WORK INSTRUCTION:
Return the records word for word. Any pictures in them are not part of the copy.

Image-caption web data
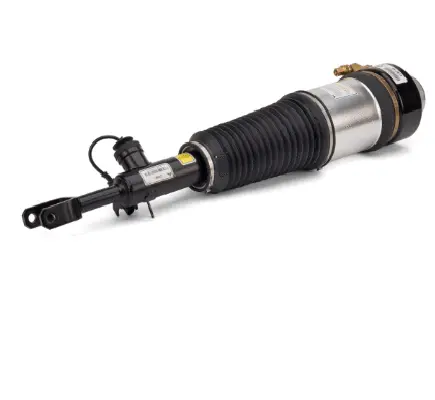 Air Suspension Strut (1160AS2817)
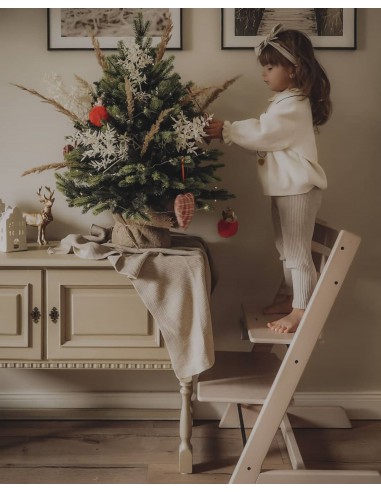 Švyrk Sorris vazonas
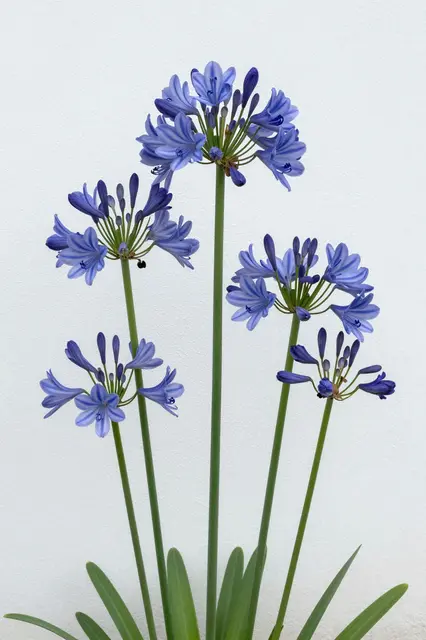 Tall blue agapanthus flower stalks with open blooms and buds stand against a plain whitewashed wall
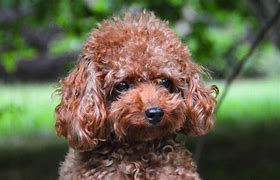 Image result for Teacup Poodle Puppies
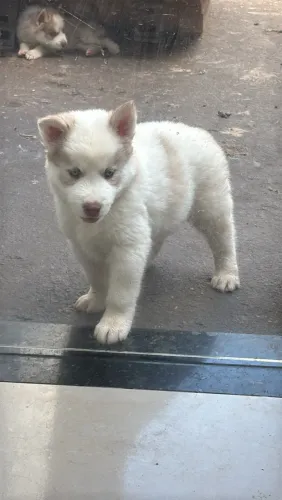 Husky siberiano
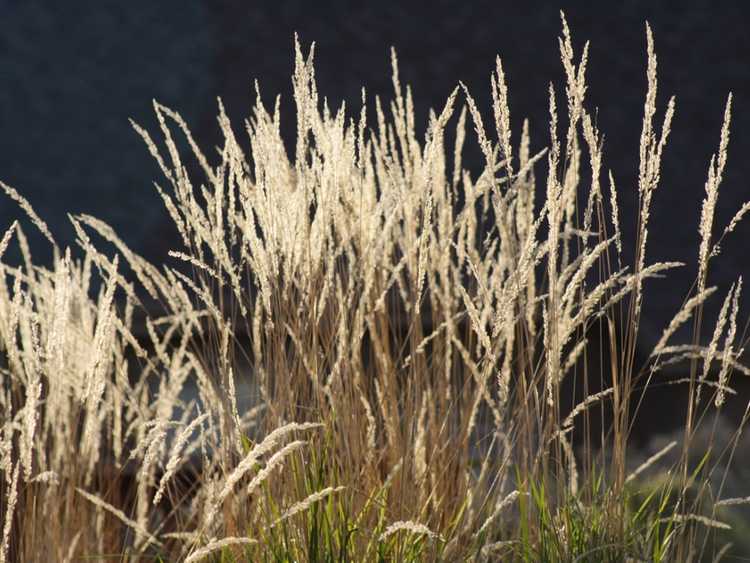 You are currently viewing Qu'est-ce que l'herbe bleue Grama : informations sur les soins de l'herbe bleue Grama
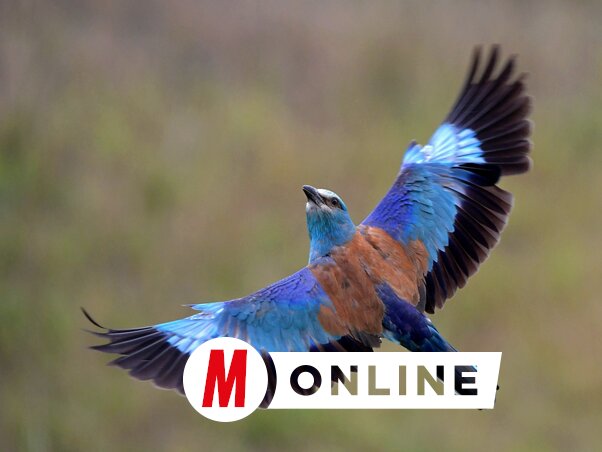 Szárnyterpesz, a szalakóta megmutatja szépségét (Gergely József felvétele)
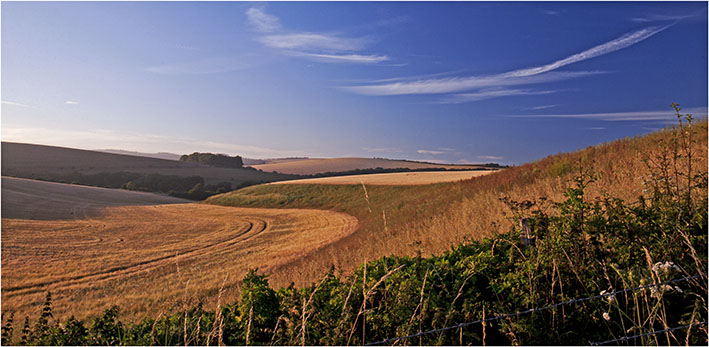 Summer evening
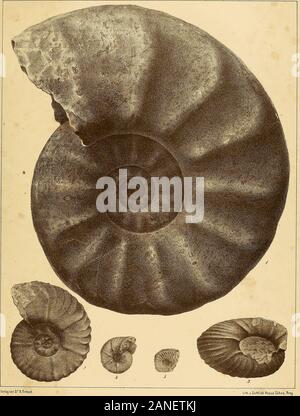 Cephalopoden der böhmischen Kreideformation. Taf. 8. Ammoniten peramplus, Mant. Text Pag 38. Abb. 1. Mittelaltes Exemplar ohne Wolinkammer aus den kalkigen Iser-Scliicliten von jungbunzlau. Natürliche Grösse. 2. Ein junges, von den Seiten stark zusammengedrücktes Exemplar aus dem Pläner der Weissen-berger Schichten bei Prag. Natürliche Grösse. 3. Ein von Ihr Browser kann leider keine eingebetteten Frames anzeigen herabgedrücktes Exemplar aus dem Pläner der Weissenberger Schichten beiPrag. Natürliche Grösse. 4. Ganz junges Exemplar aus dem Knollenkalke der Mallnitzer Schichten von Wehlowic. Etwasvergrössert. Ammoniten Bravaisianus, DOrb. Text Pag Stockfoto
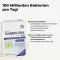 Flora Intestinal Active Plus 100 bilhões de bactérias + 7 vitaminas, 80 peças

TASK RESPONSE:
 Air Suspension Strut (1160AS2817)
 Švyrk Sorris vazonas
 Tall blue agapanthus flower stalks with open blooms and buds stand against a plain whitewashed wall
 Image result for Teacup Poodle Puppies
 Husky siberiano
 You are currently viewing Qu'est-ce que l'herbe bleue Grama : informations sur les soins de l'herbe bleue Grama
 Szárnyterpesz, a szalakóta megmutatja szépségét (Gergely József felvétele)
 Summer evening
 Cephalopoden der böhmischen Kreideformation. Taf. 8. Ammoniten peramplus, Mant. Text Pag 38. Abb. 1. Mittelaltes Exemplar ohne Wolinkammer aus den kalkigen Iser-Scliicliten von jungbunzlau. Natürliche Grösse. 2. Ein junges, von den Seiten stark zusammengedrücktes Exemplar aus dem Pläner der Weissen-berger Schichten bei Prag. Natürliche Grösse. 3. Ein von Ihr Browser kann leider keine eingebetteten Frames anzeigen herabgedrücktes Exemplar aus dem Pläner der Weissenberger Schichten beiPrag. Natürliche Grösse. 4. Ganz junges Exemplar aus dem Knollenkalke der Mallnitzer Schichten von Wehlowic. Etwasvergrössert. Ammoniten Bravaisianus, DOrb. Text Pag Stockfoto
 Flora Intestinal Active Plus 100 bilhões de bactérias + 7 vitaminas, 80 peças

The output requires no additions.